Korban c.1952


Gershon Iskowitz, Korban, c.1952
Gouache on board, 43.5 x 53 cm 
McMaster Museum of Art, Hamilton

Korban refers to the Korban Pesach, the Hebrew sacrifice of a lamb at Passover, practised since the Israelites’ exodus from Egypt in biblical times. Although this ritual was “officially” ended in the first century of the Christian Era, it continued throughout the European diaspora as an important symbolic act, often expressed in the sacrifice of a chicken, as depicted in this painting. 


Art Canada Institute, Gershon Iskowitz, Untitled (Memory Picture), 1952
Gershon Iskowitz, Untitled (Memory Picture), 1952, watercolour on paper, 51 x 40.5 cm, Art Gallery of Ontario, Toronto.
Art Canada Institute, Gershon Iskowitz, The War, 1943
Marc Chagall, The War, 1943, oil on canvas, 105.8 x 75.8 cm, Musée National d’Art Moderne Centre Pompidou, Paris.

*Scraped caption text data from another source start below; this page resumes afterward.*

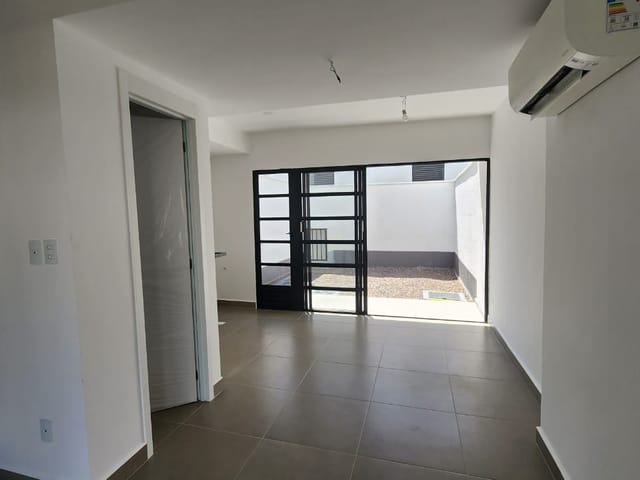 Casa com 60m² 2 quartos e 2 banheiros, à venda, no bairro Ponta Negra em Manaus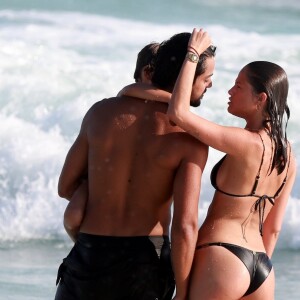 Agatha Moreira e Rodrigo Simas trocam carinhos na praia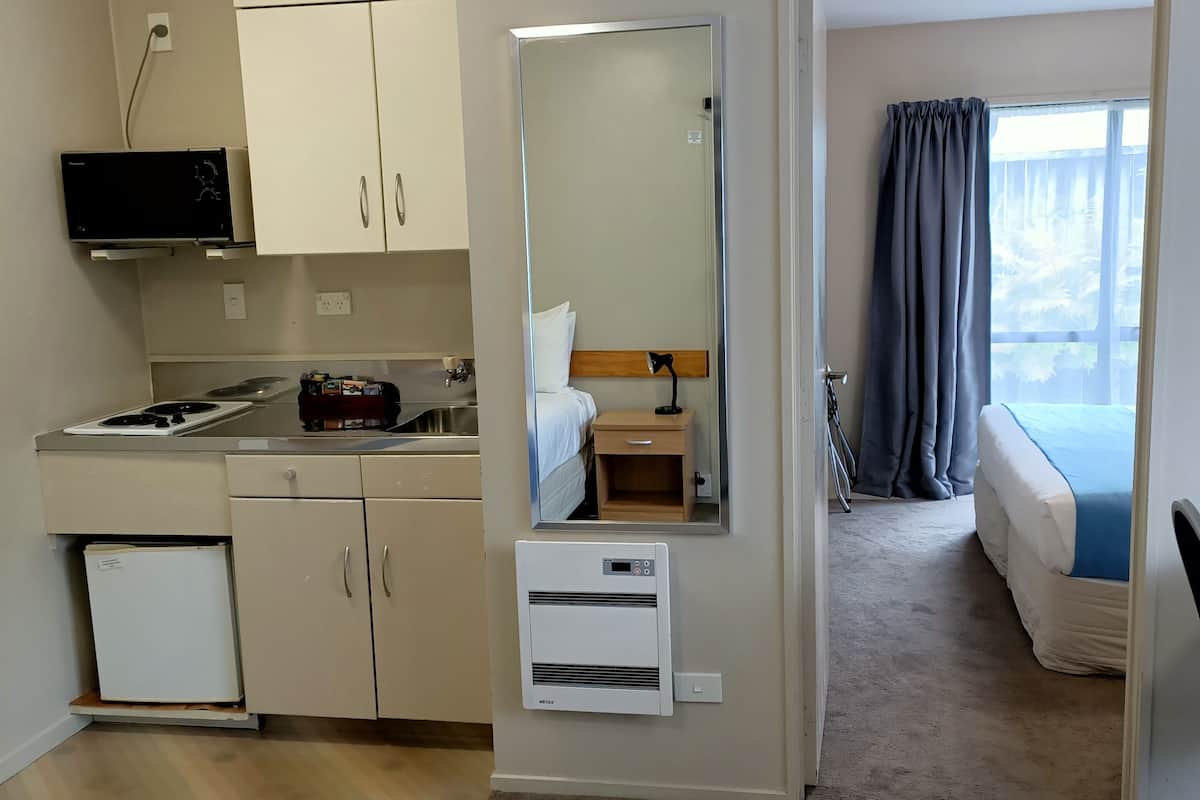 10. Deluxe One Bedroom | Private kitchen | Fridge, microwave, coffee/tea maker, cookware/dishes/utensils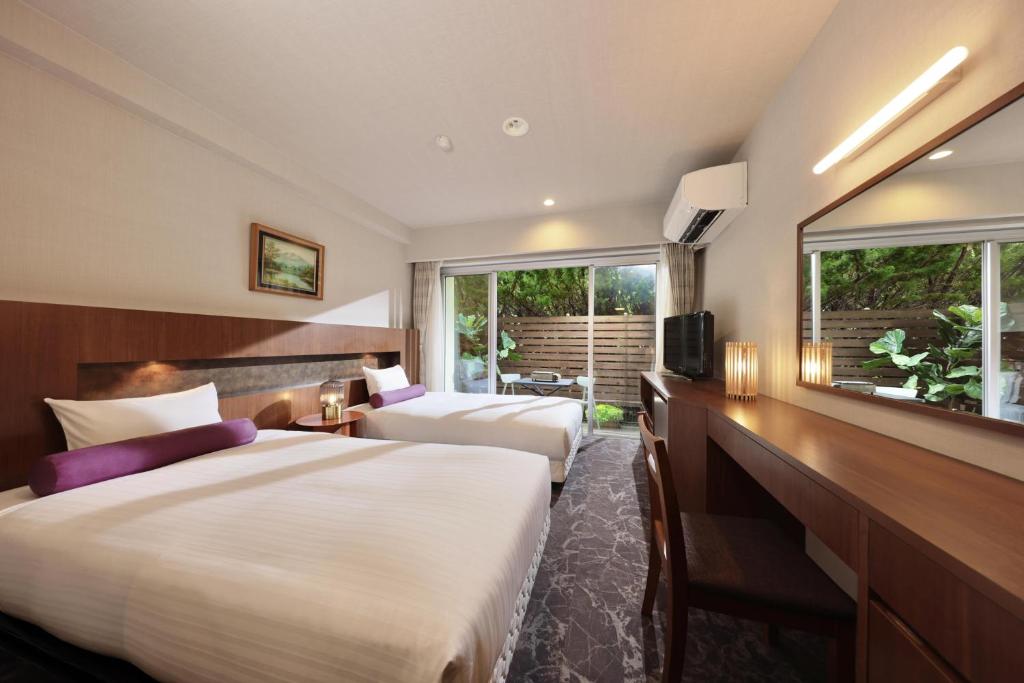 Postel nebo postele na pokoji v ubytování Nankishirahama Hotel Akariya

After his liberation from the Buchenwald concentration camp in April 1945, Gershon Iskowitz embarked on memory works. He continued to make these drawings, watercolours, and gouache or bodycolour paintings until approximately 1954, six years after he immigrated to Canada. These works depict aspects of his life in Poland before the war, the pogroms and the Kielce Ghetto, the concentration camps, and, perhaps, life during his two and a half years in the Feldafing Displaced Persons Camp outside Munich. 


While the subject matter of Korban is distinct from the traumatic events in other Iskowitz memory paintings, as David Burnett writes, it offers an important and revealing aspect of Iskowitz’s need to recover the past through “the theme of the family, of its loss and yet its essential reality in memory” rather than sentiment or nostalgia: “The act of painting itself [is] approached with a literal and . . . naïve directness . . . recapturing the reality of his past [and] in a sense atoning by keeping the memories vividly before him.”


Iskowitz was not following the model of any other artists for these works, but they can be linked to work by other twentieth-century artists who reflected on the ruptured past of everyday life through memory paintings, most notably Marc Chagall (1887–1985), David Burliuk (1882–1967), and William Kurelek (1927–1977).